Author: Rob // Category: Q&ABought my home in 2007 with 20 % down. Never wanted to have to pay PMI. With current home values I may only have 10% equity now. Can the lender require PMI under these circumstances?
Tags: Decreases, Home, lender, Mortgage, Require, Value, When, Your
December 23rd, 2009 at 5:50 pm
Most mortgage contracts do not have a PMI clause for future equity changes. Furthermore, the mortgage holder doesnt have the time nor the money to order appraisals on mortgage inventories, to see if you need PMI.
December 23rd, 2009 at 9:06 pm
Generally they will not go back and modify the terms of the already closed loan, particularly if you are making your full payment on time. However, if you refinance, you may find yourself paying PMI because the loan will go through underwriting again.
So, just stay quiet and pay on time and you should be fine.
December 24th, 2009 at 2:36 am
Yes, but only if the original loan contract specifies that PMI is required when the loan to value ratio goes above 80%.
Remember that equity has nothing to do with how much you put down or how much you’ve paid off of your loan.

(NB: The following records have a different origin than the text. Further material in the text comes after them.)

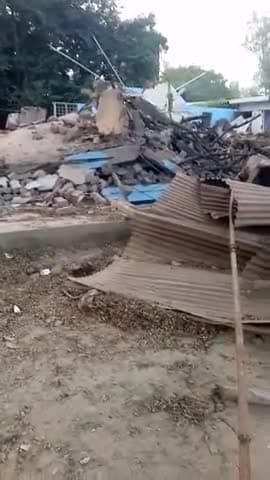 tahseel laharpur ke akabarpur me bani sarkari talab per dukane sarkar dvara girati gyi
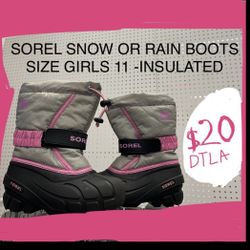 Girls Snow Boots Size 11.     20$ pick up downtown LA Little Tokyo area.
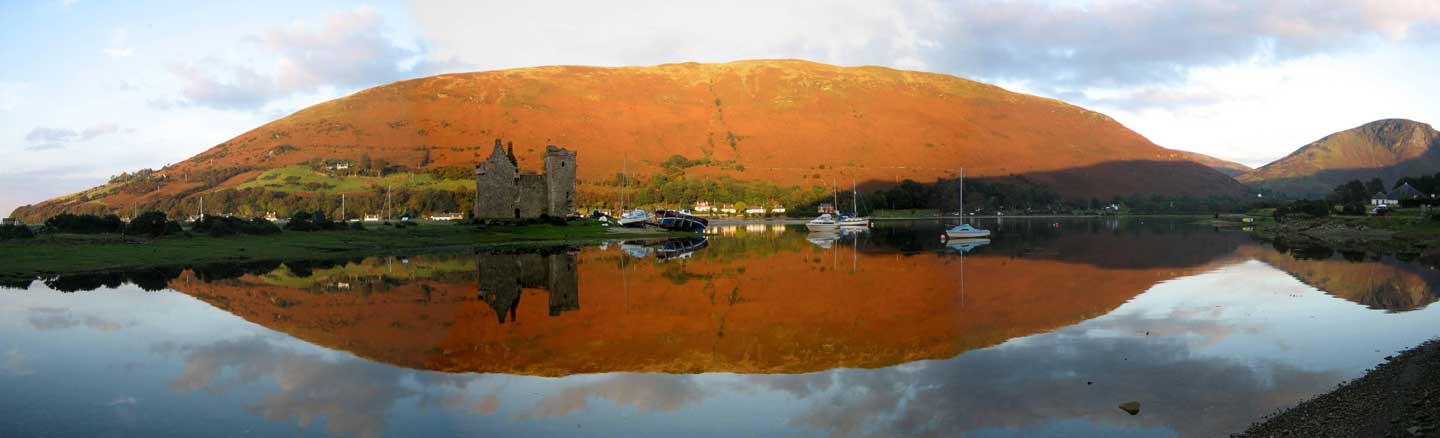 Panoramic view of Lochranza Castle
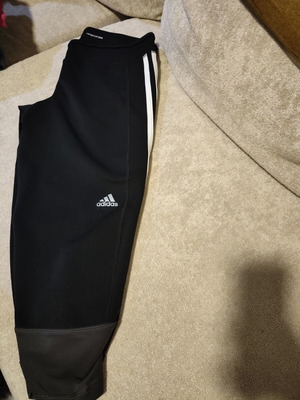 Adidas capri sports pants used, size M, black and white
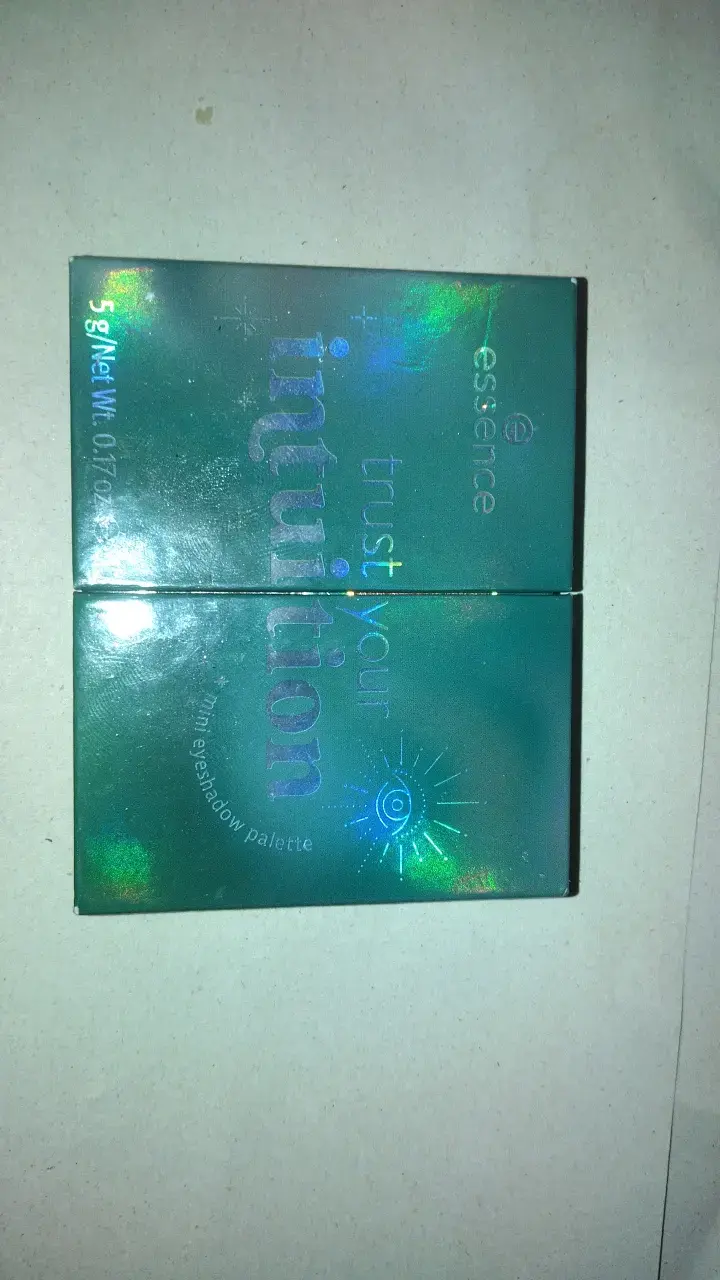 Paleta de sombras Essence Trust Your Intuition - 1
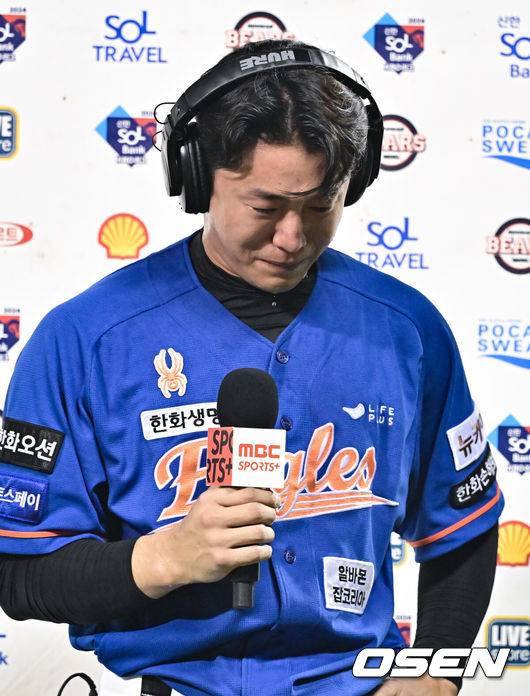 [OSEN=잠실, 박준형 기자] 한화 이상규가 1553일 만에 승리투수가 된 뒤 인터뷰 중 눈물을 흘리고 있다. 2024.08.24 / soul1014@osen.co.kr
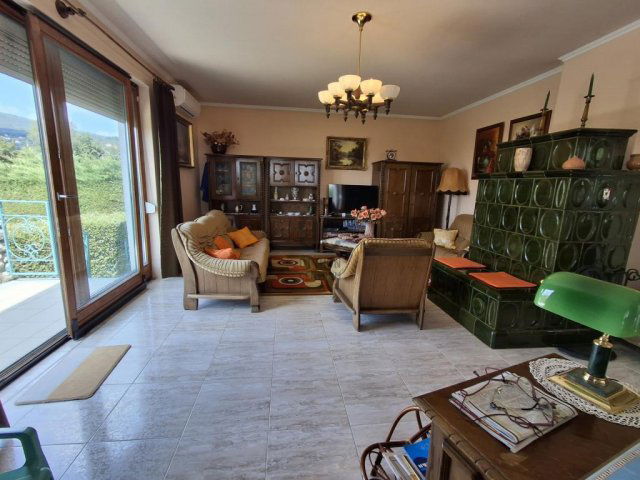 Eladó családi ház, Pécsett 129.99 M Ft, 4 szobás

It only compares current value to loan amount. When values go down, equity goes down.
December 24th, 2009 at 7:07 am
No. THe PMI was never contingent upon a “future” value of your house. It is not a part of your original contract with your lender..
December 24th, 2009 at 10:52 am
I hold mortgages with several banks, none of them have even breached this topic. I do not think they can add it down the road, only at purchase.